What you need to do: Each line from the first down to the one containing "google My business optimization" should be returned exactly as it appears below.

[Exercise inputs — start]

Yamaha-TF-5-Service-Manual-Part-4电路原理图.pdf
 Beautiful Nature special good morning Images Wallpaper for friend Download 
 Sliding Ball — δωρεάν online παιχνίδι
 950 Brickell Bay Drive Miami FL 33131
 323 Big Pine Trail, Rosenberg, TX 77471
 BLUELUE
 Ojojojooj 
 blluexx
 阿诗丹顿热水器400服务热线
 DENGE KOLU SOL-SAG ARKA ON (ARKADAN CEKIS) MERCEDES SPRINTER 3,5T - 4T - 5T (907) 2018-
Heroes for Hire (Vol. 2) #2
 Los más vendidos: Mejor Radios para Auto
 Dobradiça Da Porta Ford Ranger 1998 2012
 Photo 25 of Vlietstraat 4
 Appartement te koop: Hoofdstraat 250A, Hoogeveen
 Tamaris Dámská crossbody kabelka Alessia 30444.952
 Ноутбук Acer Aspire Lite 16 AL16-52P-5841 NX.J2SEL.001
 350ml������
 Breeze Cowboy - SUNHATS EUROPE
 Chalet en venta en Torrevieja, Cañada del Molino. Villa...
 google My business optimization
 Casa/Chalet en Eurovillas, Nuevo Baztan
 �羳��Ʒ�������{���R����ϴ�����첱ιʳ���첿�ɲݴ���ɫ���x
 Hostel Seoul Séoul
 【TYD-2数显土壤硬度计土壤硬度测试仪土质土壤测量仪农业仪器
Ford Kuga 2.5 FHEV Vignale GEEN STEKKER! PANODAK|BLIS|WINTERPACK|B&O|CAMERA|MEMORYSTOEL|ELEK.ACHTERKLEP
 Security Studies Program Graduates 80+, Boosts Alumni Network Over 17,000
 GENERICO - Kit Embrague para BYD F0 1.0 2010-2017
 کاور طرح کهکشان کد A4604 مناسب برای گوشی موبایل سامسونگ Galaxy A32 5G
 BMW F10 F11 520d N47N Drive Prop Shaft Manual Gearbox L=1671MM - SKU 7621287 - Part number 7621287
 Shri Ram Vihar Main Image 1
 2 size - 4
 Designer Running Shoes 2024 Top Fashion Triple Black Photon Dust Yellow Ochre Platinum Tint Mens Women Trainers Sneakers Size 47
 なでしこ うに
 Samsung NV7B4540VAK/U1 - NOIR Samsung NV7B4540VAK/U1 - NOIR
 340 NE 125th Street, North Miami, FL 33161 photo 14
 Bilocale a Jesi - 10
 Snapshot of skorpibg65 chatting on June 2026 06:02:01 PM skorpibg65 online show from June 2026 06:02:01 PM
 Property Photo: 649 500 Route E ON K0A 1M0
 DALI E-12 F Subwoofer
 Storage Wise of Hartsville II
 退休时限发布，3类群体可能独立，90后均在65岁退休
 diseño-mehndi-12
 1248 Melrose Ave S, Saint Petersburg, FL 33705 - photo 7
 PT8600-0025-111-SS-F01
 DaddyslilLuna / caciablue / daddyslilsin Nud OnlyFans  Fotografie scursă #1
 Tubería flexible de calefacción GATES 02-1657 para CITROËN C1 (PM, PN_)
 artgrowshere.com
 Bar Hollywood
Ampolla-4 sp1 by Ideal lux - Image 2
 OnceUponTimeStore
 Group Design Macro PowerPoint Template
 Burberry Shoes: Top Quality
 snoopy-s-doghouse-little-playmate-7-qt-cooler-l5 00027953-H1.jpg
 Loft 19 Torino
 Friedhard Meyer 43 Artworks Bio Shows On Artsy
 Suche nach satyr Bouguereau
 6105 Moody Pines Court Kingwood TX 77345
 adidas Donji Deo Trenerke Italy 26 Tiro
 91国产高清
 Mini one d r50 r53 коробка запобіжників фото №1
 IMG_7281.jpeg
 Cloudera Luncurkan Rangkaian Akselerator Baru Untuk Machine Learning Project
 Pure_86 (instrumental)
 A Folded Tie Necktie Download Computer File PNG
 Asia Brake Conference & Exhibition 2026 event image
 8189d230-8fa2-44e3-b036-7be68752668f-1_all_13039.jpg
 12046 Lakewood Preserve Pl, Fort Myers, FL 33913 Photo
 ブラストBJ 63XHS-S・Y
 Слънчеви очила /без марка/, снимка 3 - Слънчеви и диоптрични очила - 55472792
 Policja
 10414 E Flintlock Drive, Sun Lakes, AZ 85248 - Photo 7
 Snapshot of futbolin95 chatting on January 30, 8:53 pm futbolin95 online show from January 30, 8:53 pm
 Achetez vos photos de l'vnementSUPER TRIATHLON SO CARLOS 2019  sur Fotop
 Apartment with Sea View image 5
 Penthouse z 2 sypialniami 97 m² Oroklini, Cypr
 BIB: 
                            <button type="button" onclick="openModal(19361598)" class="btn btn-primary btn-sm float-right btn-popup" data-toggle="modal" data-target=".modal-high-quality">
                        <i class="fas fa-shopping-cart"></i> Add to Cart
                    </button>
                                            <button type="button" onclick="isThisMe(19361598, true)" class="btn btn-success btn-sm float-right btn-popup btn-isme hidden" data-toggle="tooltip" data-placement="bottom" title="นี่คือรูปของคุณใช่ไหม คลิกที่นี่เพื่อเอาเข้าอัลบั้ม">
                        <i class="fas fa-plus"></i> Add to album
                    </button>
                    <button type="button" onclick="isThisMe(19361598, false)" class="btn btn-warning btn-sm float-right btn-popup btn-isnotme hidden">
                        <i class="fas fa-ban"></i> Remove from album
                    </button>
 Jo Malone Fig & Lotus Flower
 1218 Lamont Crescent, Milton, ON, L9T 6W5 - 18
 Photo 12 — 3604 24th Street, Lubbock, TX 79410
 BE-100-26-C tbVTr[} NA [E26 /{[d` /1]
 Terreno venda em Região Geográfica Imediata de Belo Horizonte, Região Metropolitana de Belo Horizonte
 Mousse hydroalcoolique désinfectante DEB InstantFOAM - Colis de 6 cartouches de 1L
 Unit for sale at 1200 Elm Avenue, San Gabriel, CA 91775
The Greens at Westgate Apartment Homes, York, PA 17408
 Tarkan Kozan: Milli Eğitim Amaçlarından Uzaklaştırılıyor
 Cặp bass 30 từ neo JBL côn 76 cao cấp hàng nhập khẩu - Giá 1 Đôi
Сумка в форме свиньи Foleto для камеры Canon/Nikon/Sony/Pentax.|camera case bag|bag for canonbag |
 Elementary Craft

[Exercise inputs — finish]

Output of the exercise:
Yamaha-TF-5-Service-Manual-Part-4电路原理图.pdf
 Beautiful Nature special good morning Images Wallpaper for friend Download 
 Sliding Ball — δωρεάν online παιχνίδι
 950 Brickell Bay Drive Miami FL 33131
 323 Big Pine Trail, Rosenberg, TX 77471
 BLUELUE
 Ojojojooj 
 blluexx
 阿诗丹顿热水器400服务热线
 DENGE KOLU SOL-SAG ARKA ON (ARKADAN CEKIS) MERCEDES SPRINTER 3,5T - 4T - 5T (907) 2018-
Heroes for Hire (Vol. 2) #2
 Los más vendidos: Mejor Radios para Auto
 Dobradiça Da Porta Ford Ranger 1998 2012
 Photo 25 of Vlietstraat 4
 Appartement te koop: Hoofdstraat 250A, Hoogeveen
 Tamaris Dámská crossbody kabelka Alessia 30444.952
 Ноутбук Acer Aspire Lite 16 AL16-52P-5841 NX.J2SEL.001
 350ml������
 Breeze Cowboy - SUNHATS EUROPE
 Chalet en venta en Torrevieja, Cañada del Molino. Villa...
 google My business optimization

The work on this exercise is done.